Meme tiang ngiring, nongos ngijeng jumah,
Sambilan mapunpun, ajak tiang dadua
Di mulihne dong gapgapin
O beautiful daughter, please stay home
I am going to the market, to buy some food
So that we can have a dish to eat with rice
O mother, I hear you, I’ll be waiting at home
While cooking, the two of us
Please bring me a gift when you come home.
This song is sung as a lullaby. Not only is it comforting, it also serves as a means to implement the ideas of good conduct and manners to a child. The hidden meaning of the lyric is that a child should seek knowledge and experience by interacting and working together with others; a reminder that humans are social creatures that cannot stand on their own.

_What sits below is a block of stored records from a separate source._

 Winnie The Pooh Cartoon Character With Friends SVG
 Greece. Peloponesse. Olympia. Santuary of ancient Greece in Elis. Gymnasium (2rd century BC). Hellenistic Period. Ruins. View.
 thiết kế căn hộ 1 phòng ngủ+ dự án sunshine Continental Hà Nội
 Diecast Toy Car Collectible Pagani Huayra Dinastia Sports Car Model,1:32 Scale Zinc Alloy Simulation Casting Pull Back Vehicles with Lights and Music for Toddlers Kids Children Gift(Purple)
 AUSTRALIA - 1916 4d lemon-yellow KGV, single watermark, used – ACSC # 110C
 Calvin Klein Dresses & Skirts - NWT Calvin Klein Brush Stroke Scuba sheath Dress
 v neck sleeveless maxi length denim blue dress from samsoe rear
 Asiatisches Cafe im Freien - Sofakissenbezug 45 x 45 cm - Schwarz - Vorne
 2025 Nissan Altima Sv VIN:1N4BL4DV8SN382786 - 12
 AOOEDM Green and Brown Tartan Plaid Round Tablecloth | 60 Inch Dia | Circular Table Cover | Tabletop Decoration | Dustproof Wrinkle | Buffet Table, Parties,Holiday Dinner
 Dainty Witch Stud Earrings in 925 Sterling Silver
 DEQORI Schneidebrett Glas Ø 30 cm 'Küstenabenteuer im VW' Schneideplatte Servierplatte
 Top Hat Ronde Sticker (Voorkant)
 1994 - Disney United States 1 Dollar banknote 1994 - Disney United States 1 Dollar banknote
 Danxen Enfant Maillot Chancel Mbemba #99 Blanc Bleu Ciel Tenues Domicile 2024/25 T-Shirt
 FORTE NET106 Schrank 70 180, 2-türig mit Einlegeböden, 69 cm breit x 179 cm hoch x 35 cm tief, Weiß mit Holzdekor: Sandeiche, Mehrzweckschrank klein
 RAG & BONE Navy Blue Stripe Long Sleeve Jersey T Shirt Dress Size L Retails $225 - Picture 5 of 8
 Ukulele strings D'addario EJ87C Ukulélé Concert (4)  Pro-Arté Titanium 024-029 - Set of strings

Meong-meong alih ja bikule
Kereng pesan ngerusuhin
Juk meng juk kul
Juk meng juk kul
O cat, go hunt for mice
Who like creating chaos
Catch the cat catch the mice
Catch the cat catch the mice
This song is usually sung when children are playing Meong-meong, a popular traditional game for children (meong is an Indonesian onomatopoeia for the sound a cat makes). Each line in the lyric contributes towards building a child’s character since an early age. It teaches a child to be a good person and not to cause any trouble. It also teaches moral values; that one may not use inappropriate, unethical behaviours, such as slandering, to get their own way.
Nursery rhymes are more than just a song. Behind its simplicity lies hidden, culturally laden messages that can enable children grow into becoming a good person with a firm identity. Obviously, one should never question the need to preserve gending rare.